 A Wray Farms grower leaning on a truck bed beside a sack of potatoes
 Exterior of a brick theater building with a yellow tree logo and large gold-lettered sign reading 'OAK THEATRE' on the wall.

--

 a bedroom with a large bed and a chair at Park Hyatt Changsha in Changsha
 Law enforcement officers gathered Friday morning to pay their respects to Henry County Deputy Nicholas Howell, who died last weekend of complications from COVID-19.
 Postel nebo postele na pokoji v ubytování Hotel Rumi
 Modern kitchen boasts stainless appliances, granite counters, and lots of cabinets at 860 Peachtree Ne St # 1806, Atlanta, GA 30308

→ Work to be completed:
Referring to the material above, set down exactly the lines between the line with "Postel nebo postele" and the line with "Modern kitchen boasts", inclusive, and no other lines.

→ Result below:
 Postel nebo postele na pokoji v ubytování Hotel Rumi
 Modern kitchen boasts stainless appliances, granite counters, and lots of cabinets at 860 Peachtree Ne St # 1806, Atlanta, GA 30308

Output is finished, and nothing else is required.